* **WHAT NEEDS TO BE DONE**
After locating the line that holds "Contact us today", copy that line and all that follow it word for word through the end of the data, with no pictures.

* **GIVEN MATERIAL**

____

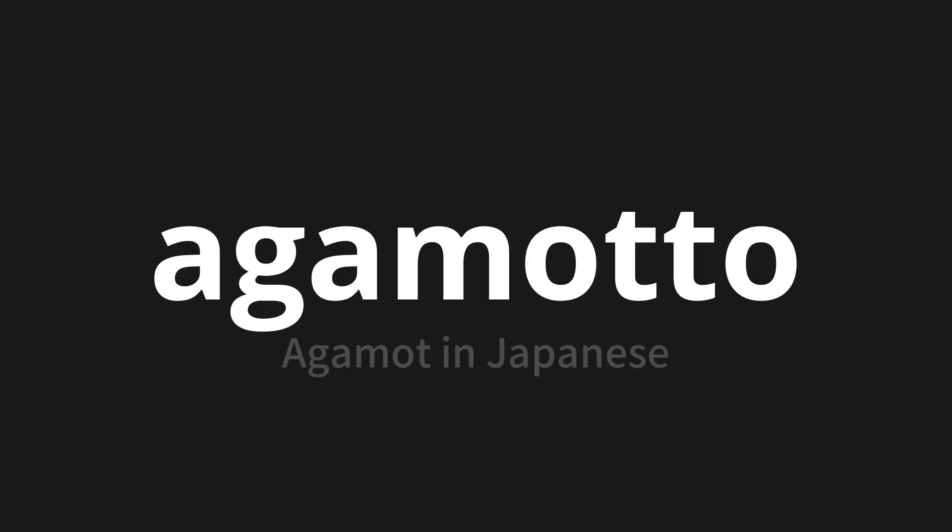Agamotto, which means Agamot in Japanese. Let's say it all together. One more time.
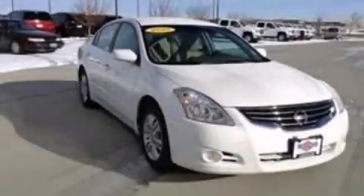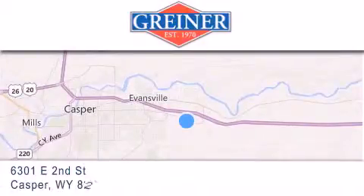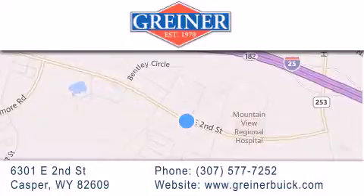Contact us today and schedule your opportunity to see this vehicle in person. Griner Buick GMC Cadillac is located at 6301 East 2nd Street in Casper. Our goal is to exceed all of your expectations to ensure that you'll return for future visits.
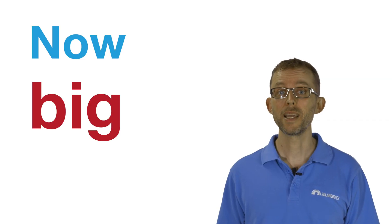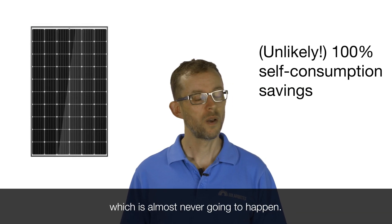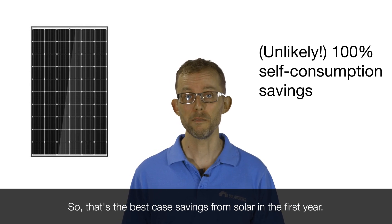Now, big caveat: that is assuming 100% self-consumption, which is almost never going to happen. So that's the best case savings from solar in the first year.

____

* **RESULT OF THE TASK**
Contact us today and schedule your opportunity to see this vehicle in person. Griner Buick GMC Cadillac is located at 6301 East 2nd Street in Casper. Our goal is to exceed all of your expectations to ensure that you'll return for future visits.
Now, big caveat: that is assuming 100% self-consumption, which is almost never going to happen. So that's the best case savings from solar in the first year.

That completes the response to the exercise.